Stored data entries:
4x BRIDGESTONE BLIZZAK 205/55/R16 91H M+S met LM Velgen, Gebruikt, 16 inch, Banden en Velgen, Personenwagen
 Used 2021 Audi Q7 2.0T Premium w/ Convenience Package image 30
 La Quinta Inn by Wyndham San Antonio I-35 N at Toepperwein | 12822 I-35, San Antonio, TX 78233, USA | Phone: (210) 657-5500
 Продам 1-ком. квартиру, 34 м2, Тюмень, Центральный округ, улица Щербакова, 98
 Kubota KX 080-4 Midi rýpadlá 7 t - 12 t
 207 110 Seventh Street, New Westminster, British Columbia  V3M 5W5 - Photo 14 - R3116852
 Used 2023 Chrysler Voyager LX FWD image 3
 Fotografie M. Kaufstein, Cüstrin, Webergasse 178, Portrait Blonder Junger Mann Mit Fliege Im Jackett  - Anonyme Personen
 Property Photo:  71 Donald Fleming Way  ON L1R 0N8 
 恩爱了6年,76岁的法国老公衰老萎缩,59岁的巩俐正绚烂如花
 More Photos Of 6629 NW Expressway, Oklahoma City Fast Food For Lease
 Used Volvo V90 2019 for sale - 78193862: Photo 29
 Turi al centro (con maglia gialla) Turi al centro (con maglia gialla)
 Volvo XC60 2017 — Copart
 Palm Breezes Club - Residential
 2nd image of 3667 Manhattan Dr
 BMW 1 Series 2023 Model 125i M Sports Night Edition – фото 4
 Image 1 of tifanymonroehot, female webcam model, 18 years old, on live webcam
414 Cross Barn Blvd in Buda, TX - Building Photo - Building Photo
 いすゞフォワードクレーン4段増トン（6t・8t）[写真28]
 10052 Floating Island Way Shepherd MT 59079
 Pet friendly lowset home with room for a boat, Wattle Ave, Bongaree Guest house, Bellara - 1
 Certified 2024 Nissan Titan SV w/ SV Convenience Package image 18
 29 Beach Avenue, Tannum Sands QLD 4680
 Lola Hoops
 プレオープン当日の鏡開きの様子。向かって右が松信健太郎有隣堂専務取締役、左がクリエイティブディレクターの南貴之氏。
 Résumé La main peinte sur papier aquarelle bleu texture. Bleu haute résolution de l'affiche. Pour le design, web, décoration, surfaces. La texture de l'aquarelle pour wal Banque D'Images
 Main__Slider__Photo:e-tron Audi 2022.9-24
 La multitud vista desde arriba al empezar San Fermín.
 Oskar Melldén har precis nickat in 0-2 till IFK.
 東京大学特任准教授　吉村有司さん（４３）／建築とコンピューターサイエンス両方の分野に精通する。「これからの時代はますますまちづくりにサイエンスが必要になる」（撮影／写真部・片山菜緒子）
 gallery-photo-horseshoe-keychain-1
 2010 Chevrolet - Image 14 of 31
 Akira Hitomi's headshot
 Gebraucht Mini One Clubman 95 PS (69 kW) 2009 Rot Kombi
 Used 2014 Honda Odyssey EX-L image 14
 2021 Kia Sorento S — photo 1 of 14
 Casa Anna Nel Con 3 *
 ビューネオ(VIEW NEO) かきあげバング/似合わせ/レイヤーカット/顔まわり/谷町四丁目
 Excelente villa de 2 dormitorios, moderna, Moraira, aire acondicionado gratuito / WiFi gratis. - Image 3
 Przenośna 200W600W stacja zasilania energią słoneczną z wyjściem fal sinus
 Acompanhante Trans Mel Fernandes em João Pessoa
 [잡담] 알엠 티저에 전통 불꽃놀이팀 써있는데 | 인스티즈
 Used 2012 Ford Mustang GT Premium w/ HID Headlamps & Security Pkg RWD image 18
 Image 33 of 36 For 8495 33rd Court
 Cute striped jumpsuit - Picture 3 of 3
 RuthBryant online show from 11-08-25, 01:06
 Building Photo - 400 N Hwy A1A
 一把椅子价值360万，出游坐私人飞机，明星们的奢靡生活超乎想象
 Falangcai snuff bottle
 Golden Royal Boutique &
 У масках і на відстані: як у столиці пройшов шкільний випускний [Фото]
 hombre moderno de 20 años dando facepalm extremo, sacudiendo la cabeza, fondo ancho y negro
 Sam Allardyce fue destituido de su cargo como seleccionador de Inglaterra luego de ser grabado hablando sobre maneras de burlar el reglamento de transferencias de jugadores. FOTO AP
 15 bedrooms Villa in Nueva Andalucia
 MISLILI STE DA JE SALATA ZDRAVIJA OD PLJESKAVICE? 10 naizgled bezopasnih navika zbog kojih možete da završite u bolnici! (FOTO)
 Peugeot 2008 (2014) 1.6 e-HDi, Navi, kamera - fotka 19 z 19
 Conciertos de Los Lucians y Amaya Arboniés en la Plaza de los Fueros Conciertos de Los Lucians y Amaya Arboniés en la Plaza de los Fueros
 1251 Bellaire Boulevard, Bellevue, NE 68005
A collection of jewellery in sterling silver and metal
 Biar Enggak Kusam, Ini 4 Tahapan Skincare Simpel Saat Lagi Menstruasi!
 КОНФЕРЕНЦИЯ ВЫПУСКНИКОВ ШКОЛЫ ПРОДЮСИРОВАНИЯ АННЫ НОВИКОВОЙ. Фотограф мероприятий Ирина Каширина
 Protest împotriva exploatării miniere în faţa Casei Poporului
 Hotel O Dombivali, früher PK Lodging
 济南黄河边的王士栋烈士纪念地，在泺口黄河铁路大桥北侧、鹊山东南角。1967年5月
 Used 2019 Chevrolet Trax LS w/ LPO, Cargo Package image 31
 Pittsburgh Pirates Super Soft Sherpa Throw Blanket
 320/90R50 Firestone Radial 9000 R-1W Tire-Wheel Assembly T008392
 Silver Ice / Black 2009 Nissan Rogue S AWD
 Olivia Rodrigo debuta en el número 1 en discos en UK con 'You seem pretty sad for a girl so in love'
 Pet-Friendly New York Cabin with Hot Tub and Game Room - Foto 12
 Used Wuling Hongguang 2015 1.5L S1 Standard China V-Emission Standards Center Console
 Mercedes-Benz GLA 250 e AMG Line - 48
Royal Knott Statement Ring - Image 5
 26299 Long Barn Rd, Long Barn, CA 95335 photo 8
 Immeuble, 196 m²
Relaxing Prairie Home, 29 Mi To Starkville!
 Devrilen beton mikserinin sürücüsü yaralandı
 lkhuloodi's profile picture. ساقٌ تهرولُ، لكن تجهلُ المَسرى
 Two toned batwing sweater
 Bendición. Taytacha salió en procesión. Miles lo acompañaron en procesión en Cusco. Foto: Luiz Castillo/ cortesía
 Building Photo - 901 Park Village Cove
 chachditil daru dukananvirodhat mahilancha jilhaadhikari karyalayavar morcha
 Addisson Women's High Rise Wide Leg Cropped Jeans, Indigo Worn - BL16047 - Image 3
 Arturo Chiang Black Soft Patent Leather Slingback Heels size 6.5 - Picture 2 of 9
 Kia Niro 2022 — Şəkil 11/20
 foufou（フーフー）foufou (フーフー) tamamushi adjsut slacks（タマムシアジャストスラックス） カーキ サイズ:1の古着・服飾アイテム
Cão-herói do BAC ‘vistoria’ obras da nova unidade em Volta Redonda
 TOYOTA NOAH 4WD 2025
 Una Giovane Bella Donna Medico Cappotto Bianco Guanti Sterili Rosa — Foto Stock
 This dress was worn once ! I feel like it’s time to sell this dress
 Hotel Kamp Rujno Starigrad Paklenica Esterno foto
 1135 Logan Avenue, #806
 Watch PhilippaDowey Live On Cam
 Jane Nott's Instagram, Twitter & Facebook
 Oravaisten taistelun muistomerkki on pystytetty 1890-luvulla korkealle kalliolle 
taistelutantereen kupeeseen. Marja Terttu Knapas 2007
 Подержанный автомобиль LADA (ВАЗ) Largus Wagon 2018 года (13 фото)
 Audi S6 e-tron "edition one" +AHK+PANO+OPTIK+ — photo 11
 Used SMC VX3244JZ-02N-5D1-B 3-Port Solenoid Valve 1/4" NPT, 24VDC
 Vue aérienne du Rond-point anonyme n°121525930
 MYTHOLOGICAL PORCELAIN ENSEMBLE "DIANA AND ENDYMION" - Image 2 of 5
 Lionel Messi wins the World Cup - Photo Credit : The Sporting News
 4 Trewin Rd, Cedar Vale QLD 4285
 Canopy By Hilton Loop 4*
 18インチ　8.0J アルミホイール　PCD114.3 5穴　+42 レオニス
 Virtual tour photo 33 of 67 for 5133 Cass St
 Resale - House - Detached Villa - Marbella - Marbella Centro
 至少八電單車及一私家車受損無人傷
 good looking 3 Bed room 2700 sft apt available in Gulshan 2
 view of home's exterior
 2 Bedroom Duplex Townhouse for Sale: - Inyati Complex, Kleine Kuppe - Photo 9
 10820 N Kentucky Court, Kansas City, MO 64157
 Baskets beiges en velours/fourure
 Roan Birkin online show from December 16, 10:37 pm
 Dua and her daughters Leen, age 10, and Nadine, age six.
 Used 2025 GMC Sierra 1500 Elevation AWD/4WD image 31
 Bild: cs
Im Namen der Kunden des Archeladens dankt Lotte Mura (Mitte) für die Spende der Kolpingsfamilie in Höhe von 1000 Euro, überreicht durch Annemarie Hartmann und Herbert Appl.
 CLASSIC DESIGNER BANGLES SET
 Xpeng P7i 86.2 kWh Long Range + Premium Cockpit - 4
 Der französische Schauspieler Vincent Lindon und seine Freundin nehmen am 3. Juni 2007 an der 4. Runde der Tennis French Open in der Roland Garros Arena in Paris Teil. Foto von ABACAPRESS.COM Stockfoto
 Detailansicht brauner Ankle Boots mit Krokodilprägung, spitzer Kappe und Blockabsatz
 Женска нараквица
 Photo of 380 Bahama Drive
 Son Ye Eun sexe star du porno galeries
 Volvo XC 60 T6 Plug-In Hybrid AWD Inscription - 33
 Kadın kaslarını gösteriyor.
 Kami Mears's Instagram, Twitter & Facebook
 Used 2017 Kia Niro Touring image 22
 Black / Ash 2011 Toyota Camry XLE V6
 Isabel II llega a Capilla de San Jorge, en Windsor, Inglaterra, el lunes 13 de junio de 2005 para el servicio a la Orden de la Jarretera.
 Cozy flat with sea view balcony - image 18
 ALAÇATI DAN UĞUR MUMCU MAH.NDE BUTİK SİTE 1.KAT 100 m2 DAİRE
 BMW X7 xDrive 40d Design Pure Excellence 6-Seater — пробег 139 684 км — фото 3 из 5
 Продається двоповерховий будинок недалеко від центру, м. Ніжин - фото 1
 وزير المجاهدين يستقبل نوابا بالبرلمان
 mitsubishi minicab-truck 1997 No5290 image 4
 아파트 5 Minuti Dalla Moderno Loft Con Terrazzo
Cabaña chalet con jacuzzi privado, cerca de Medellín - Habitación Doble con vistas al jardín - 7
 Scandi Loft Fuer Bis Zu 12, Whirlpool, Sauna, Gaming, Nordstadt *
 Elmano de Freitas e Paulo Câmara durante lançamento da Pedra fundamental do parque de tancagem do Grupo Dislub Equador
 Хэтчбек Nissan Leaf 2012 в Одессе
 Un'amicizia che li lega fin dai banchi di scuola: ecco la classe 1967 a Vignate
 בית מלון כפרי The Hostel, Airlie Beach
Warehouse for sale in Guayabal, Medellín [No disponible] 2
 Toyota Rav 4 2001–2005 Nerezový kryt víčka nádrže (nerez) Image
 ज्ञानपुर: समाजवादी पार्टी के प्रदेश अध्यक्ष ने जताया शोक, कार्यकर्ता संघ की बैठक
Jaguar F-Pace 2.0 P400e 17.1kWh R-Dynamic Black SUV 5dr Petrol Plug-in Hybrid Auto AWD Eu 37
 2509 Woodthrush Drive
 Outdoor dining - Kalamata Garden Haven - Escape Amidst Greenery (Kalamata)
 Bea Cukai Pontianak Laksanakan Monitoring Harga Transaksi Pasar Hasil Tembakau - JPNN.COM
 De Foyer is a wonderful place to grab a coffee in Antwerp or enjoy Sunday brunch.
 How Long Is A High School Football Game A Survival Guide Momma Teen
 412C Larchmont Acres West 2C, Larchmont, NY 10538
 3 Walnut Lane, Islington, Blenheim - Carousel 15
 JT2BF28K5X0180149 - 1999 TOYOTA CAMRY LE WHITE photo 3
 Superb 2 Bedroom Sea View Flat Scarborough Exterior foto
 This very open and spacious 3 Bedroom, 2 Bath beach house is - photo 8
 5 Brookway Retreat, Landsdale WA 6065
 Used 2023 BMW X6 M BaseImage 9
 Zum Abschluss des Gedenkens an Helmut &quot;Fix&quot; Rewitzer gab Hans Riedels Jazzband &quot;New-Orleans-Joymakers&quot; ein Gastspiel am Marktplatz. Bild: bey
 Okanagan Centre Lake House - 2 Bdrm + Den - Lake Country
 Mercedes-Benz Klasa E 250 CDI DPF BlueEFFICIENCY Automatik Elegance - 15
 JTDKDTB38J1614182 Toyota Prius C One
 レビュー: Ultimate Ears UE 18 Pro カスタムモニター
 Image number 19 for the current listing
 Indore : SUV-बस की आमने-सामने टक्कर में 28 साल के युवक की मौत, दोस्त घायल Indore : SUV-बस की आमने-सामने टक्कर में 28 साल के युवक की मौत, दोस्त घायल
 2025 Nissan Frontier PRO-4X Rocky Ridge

• _What is being asked_: All lines from the one with "2509 Woodthrush Drive" through the final line above are to be quoted exactly; quote no other line.

• _Solution_:
 2509 Woodthrush Drive
 Outdoor dining - Kalamata Garden Haven - Escape Amidst Greenery (Kalamata)
 Bea Cukai Pontianak Laksanakan Monitoring Harga Transaksi Pasar Hasil Tembakau - JPNN.COM
 De Foyer is a wonderful place to grab a coffee in Antwerp or enjoy Sunday brunch.
 How Long Is A High School Football Game A Survival Guide Momma Teen
 412C Larchmont Acres West 2C, Larchmont, NY 10538
 3 Walnut Lane, Islington, Blenheim - Carousel 15
 JT2BF28K5X0180149 - 1999 TOYOTA CAMRY LE WHITE photo 3
 Superb 2 Bedroom Sea View Flat Scarborough Exterior foto
 This very open and spacious 3 Bedroom, 2 Bath beach house is - photo 8
 5 Brookway Retreat, Landsdale WA 6065
 Used 2023 BMW X6 M BaseImage 9
 Zum Abschluss des Gedenkens an Helmut &quot;Fix&quot; Rewitzer gab Hans Riedels Jazzband &quot;New-Orleans-Joymakers&quot; ein Gastspiel am Marktplatz. Bild: bey
 Okanagan Centre Lake House - 2 Bdrm + Den - Lake Country
 Mercedes-Benz Klasa E 250 CDI DPF BlueEFFICIENCY Automatik Elegance - 15
 JTDKDTB38J1614182 Toyota Prius C One
 レビュー: Ultimate Ears UE 18 Pro カスタムモニター
 Image number 19 for the current listing
 Indore : SUV-बस की आमने-सामने टक्कर में 28 साल के युवक की मौत, दोस्त घायल Indore : SUV-बस की आमने-सामने टक्कर में 28 साल के युवक की मौत, दोस्त घायल
 2025 Nissan Frontier PRO-4X Rocky Ridge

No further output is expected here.